- Opening Delimiter -

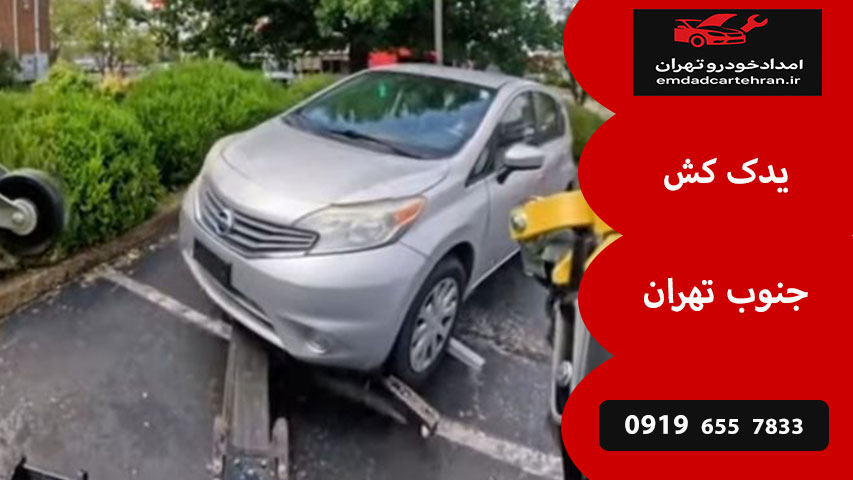 امداد خودرو جنوب تهران 3 یدک کش جنوب تهران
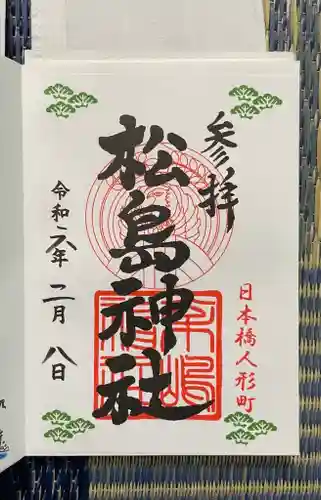 松島神社(東京都)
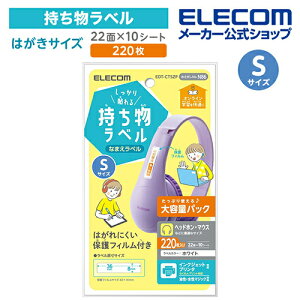y󂠂zGR E\x \鎝x@STCY@ʃpbN Ǘ V[ e 22ʕt c8mm×36mm STCY 10V[g EDT-CTSZP yō3300~ȏőz[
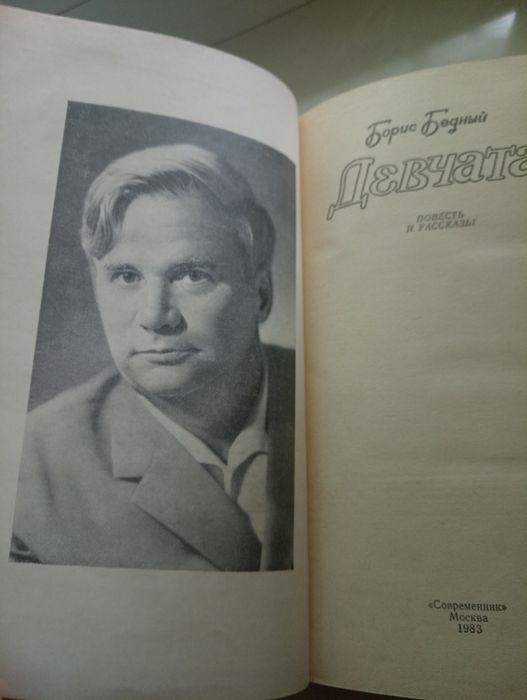 Набір з трьох книг:Борис Сичкин(Я- Буба Касторский!),Павел Кадочников.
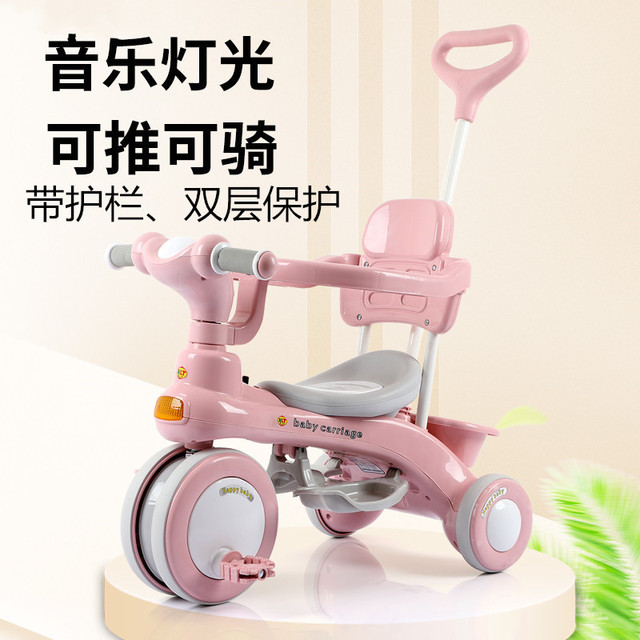 LazyChild Pedal Trike Baby Balance Bike Multi-function Kid Bicycle Child Stroller For 1-6 Years Baby: 9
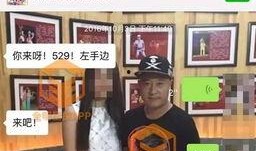 东北村黑科技爆料视频,视频曝光神秘科技，颠覆想象！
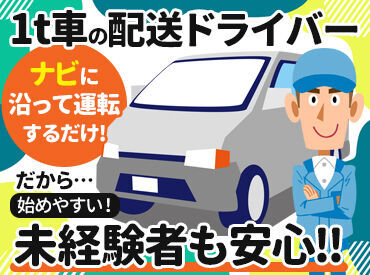 土地勘不要!!
クルマのナビに表示された
ルートに従って配送するだけ!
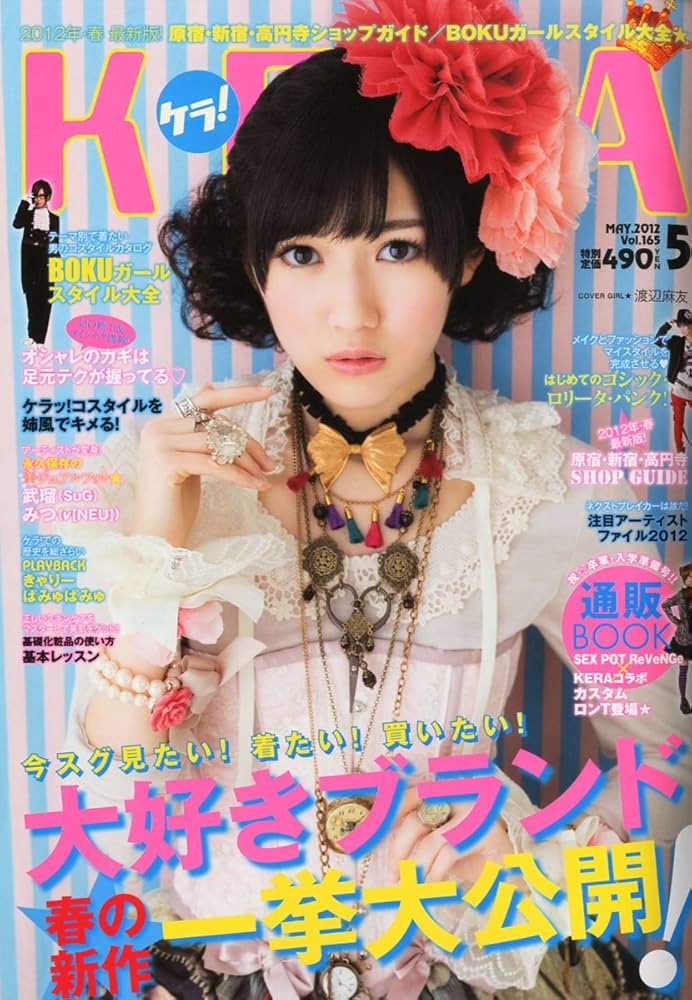 Amazon.co.jp: KERA! (ケラ) 2012年 05月号 [雑誌] : 本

- Closing Delimiter -

• TASK TO COMPLETE: Beginning with the line that contains "东北村黑科技爆料视频,视频曝光神秘科技，颠覆想象！" and ending with the final line of the material, reproduce those lines exactly and nothing else. Omit the pictures.

• TASK OUTPUT:
 东北村黑科技爆料视频,视频曝光神秘科技，颠覆想象！
 土地勘不要!!
クルマのナビに表示された
ルートに従って配送するだけ!
 Amazon.co.jp: KERA! (ケラ) 2012年 05月号 [雑誌] : 本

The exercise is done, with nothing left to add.